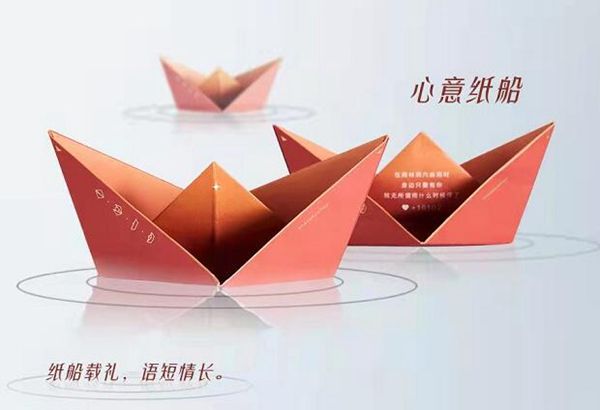 光遇合服礼包大全：合服礼包获取方法[多图]图片6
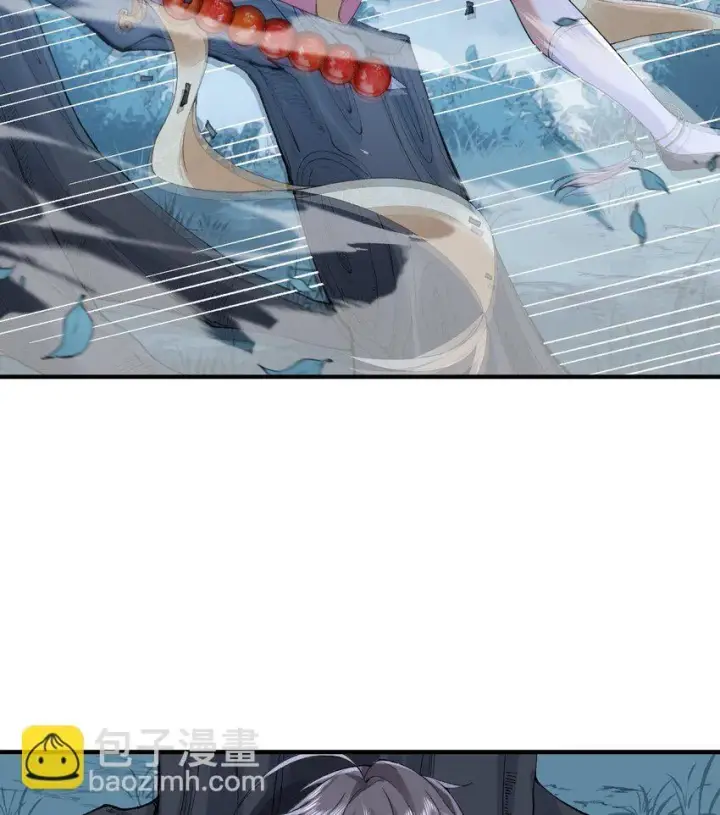 《二师兄是个凡人却很强》09 南域妖王图41
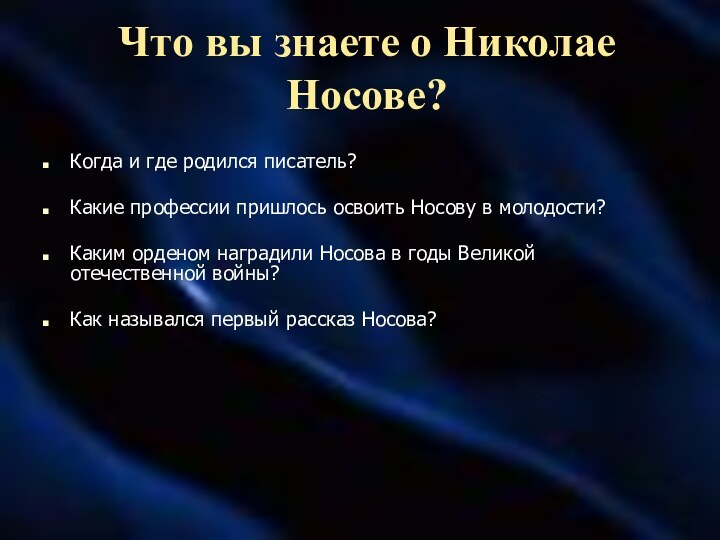 Что вы знаете о Николае Носове?Когда и где родился писатель?Какие профессии пришлось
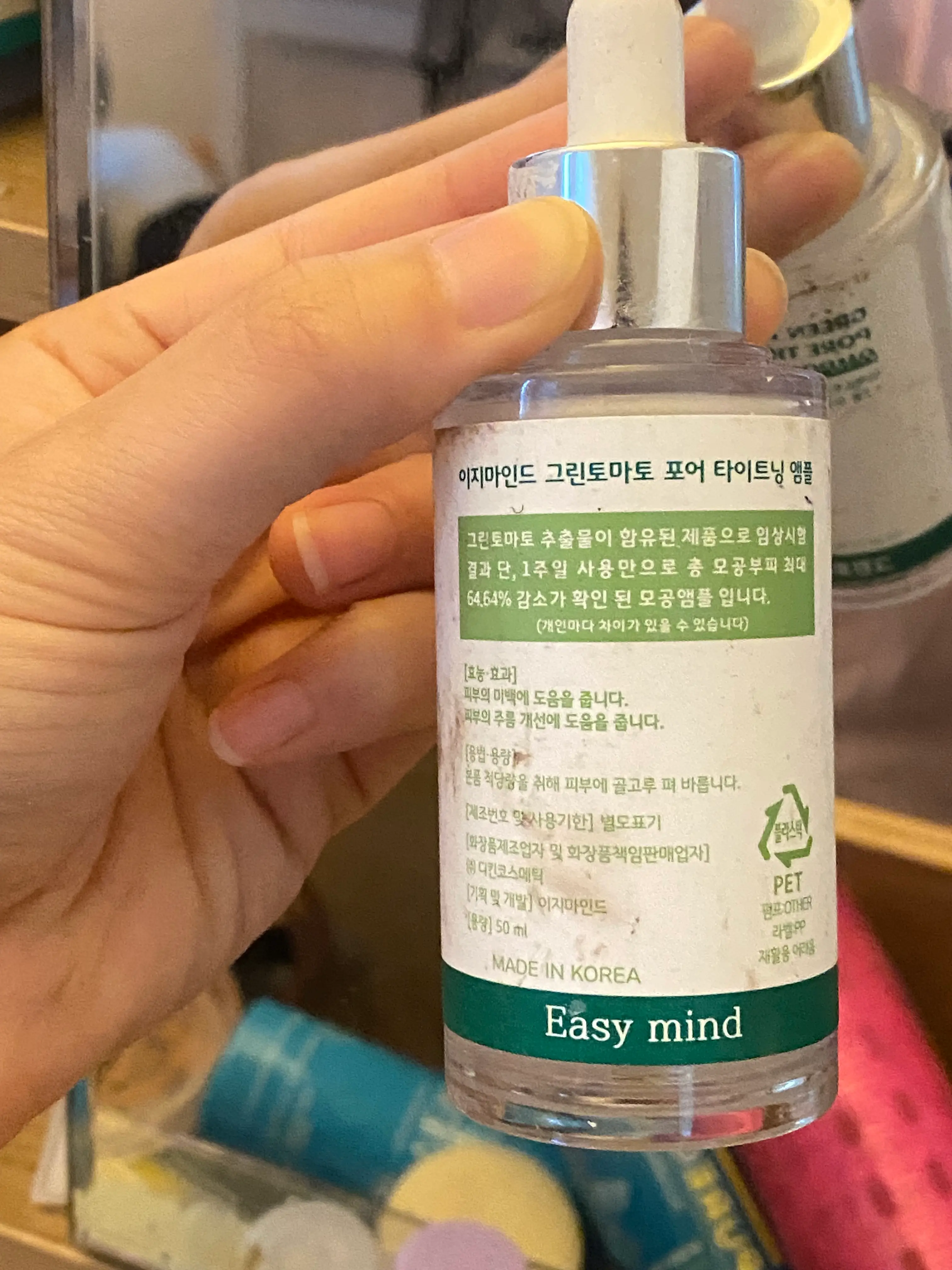 선택된 언니의파우치 리뷰 이미지 - [그린토마토 모공 앰플]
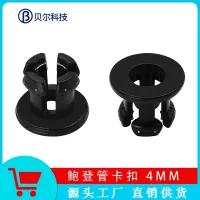 Bell 3d Printer Accessories Baoden Tube Buckle Fixed 4MM Teflon UM2 Quick Joint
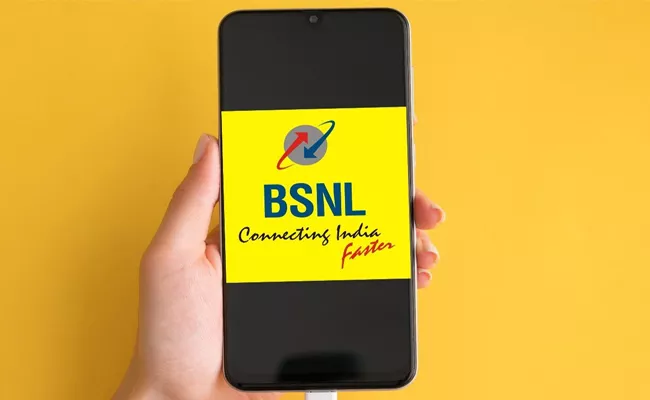 Bsnl Union Letter To Telecom Minister Ashwini Vaishnaw - Sakshi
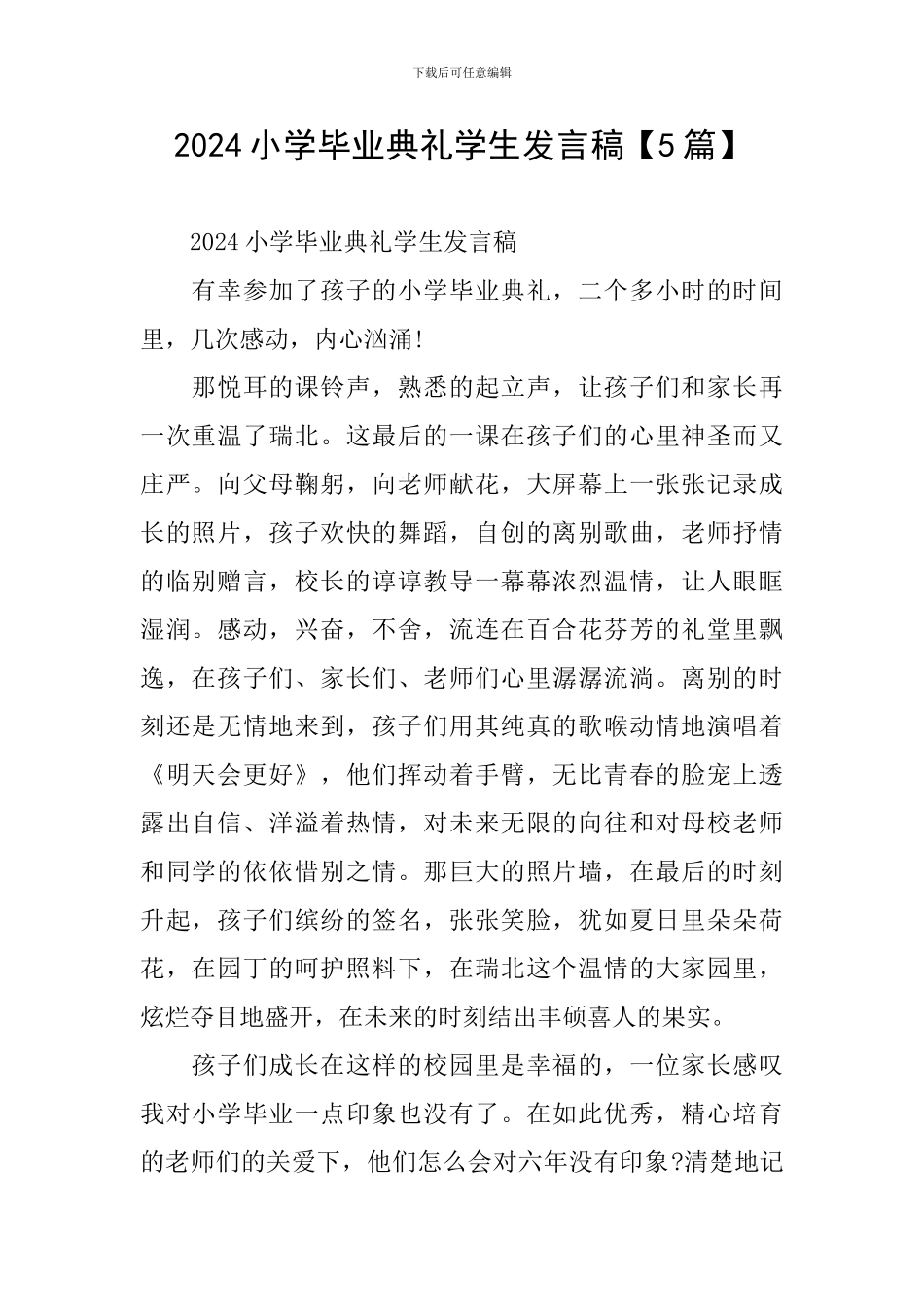 2024小学毕业典礼学生发言稿_第1页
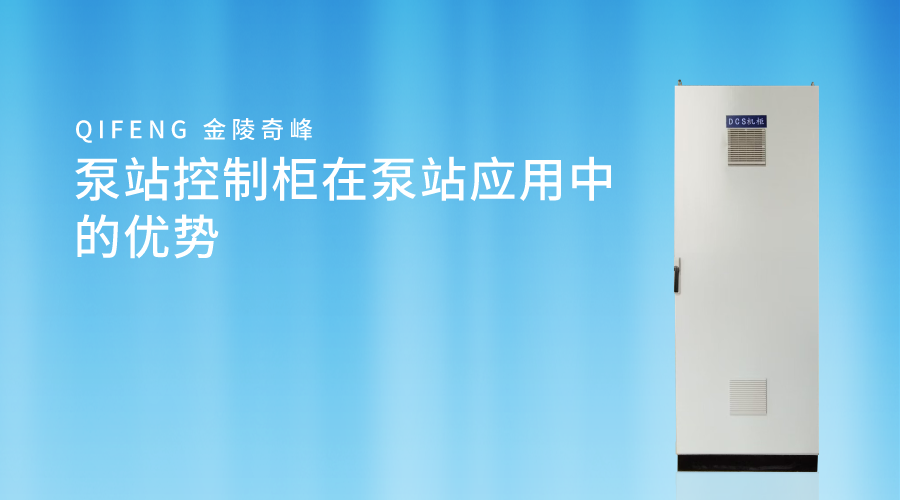 <i style='color:red'>泵站控制柜</i>在泵站應用中的優勢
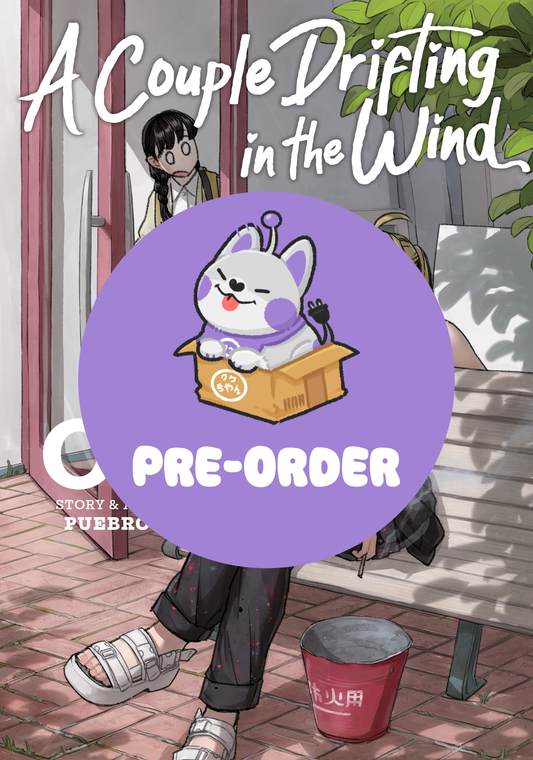 [PRE-ORDER] A Couple Drifting in the Wind Vol. 1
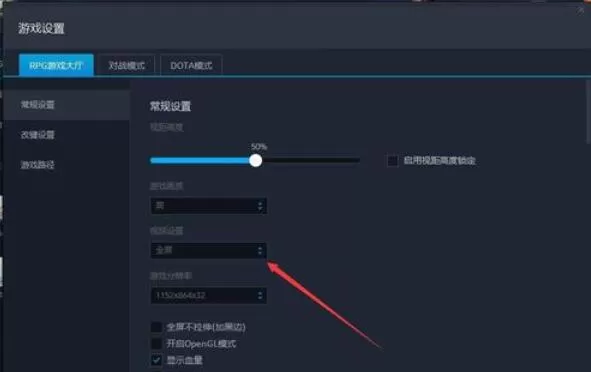 网易对战平台将魔兽争霸显示全屏的操作步骤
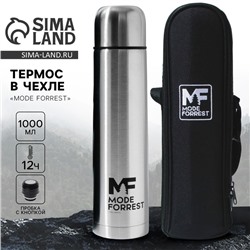 УЦЕНКА Термос «Mode Forrest» в чехле, 1 л, время сохранения тепла 6-12 ч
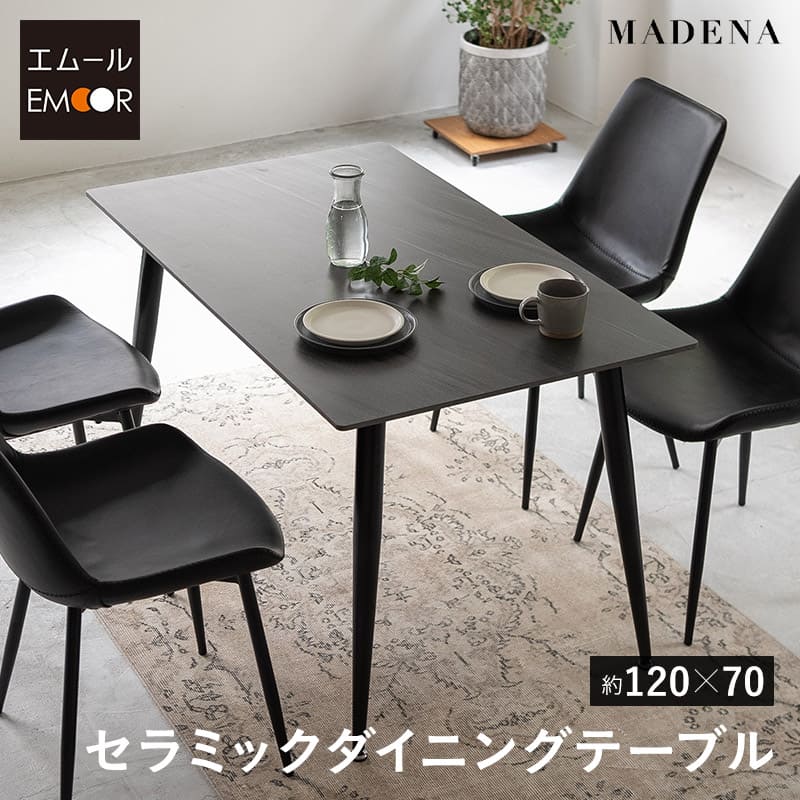 ダイニングテーブル 幅120cm コンパクト セラミック 4人掛け 単品 テーブル 食卓 グレー ブラック 黒 石目調 長方形 4人用 食卓テーブル デスク 机 ダイニング リビングダイニング 北欧 モダン ヴィンテージ おしゃれ living＆dining マデナ 新生活 送料無料 エムールベビー
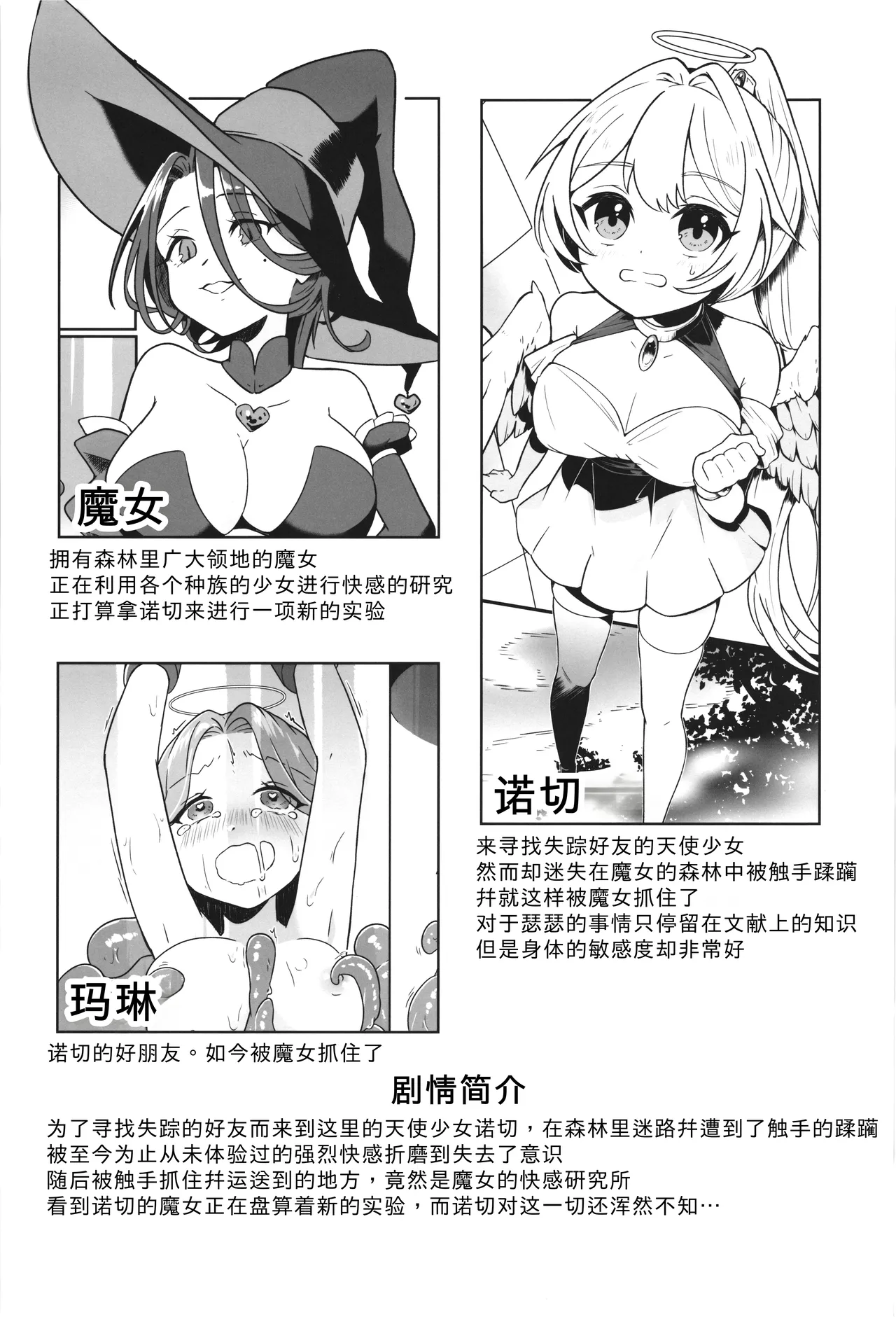 Page 4 of (COMITIA152) [Nanao-chan Labo (Nanao Hajime)] Majo no Kairaku Kenkyuujo 2 [Chinese] [廉价汉化组]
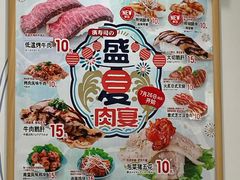 -滨寿司(高新伊藤店)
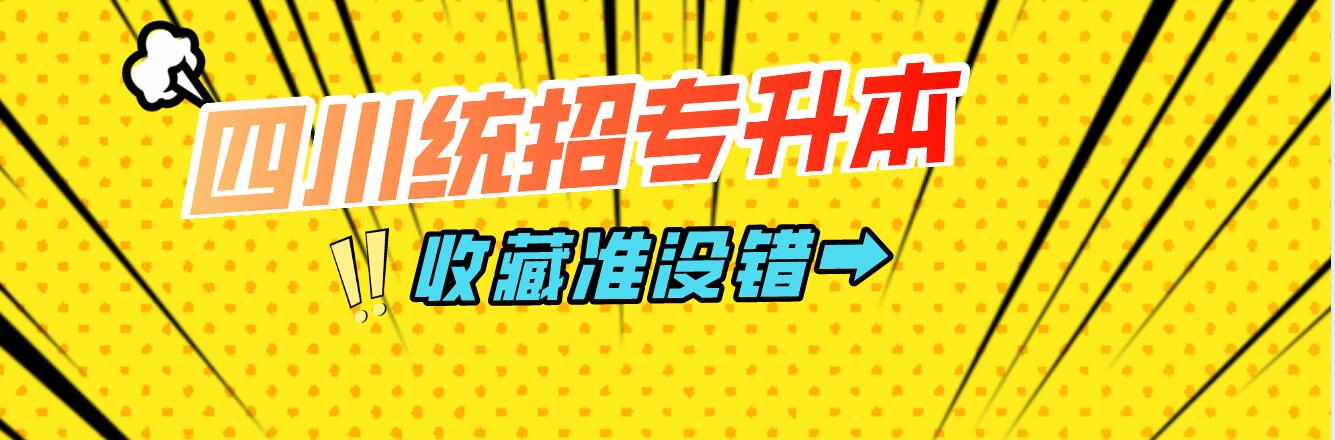 四川統(tǒng)招專升本樂(lè)山師范學(xué)院能夠報(bào)考院校有哪些？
══════
[PROBLEM DESCRIPTION] From the first line to the last, transcribe the listing exactly; skip the pictures.

[SOLUTION BELOW]
 光遇合服礼包大全：合服礼包获取方法[多图]图片6
 《二师兄是个凡人却很强》09 南域妖王图41
 Что вы знаете о Николае Носове?Когда и где родился писатель?Какие профессии пришлось
 선택된 언니의파우치 리뷰 이미지 - [그린토마토 모공 앰플]
 Bell 3d Printer Accessories Baoden Tube Buckle Fixed 4MM Teflon UM2 Quick Joint
 Bsnl Union Letter To Telecom Minister Ashwini Vaishnaw - Sakshi
 2024小学毕业典礼学生发言稿_第1页
 <i style='color:red'>泵站控制柜</i>在泵站應用中的優勢
 [PRE-ORDER] A Couple Drifting in the Wind Vol. 1
 网易对战平台将魔兽争霸显示全屏的操作步骤
 УЦЕНКА Термос «Mode Forrest» в чехле, 1 л, время сохранения тепла 6-12 ч
 ダイニングテーブル 幅120cm コンパクト セラミック 4人掛け 単品 テーブル 食卓 グレー ブラック 黒 石目調 長方形 4人用 食卓テーブル デスク 机 ダイニング リビングダイニング 北欧 モダン ヴィンテージ おしゃれ living＆dining マデナ 新生活 送料無料 エムールベビー
 Page 4 of (COMITIA152) [Nanao-chan Labo (Nanao Hajime)] Majo no Kairaku Kenkyuujo 2 [Chinese] [廉价汉化组]
 -滨寿司(高新伊藤店)
 四川統(tǒng)招專升本樂(lè)山師范學(xué)院能夠報(bào)考院校有哪些？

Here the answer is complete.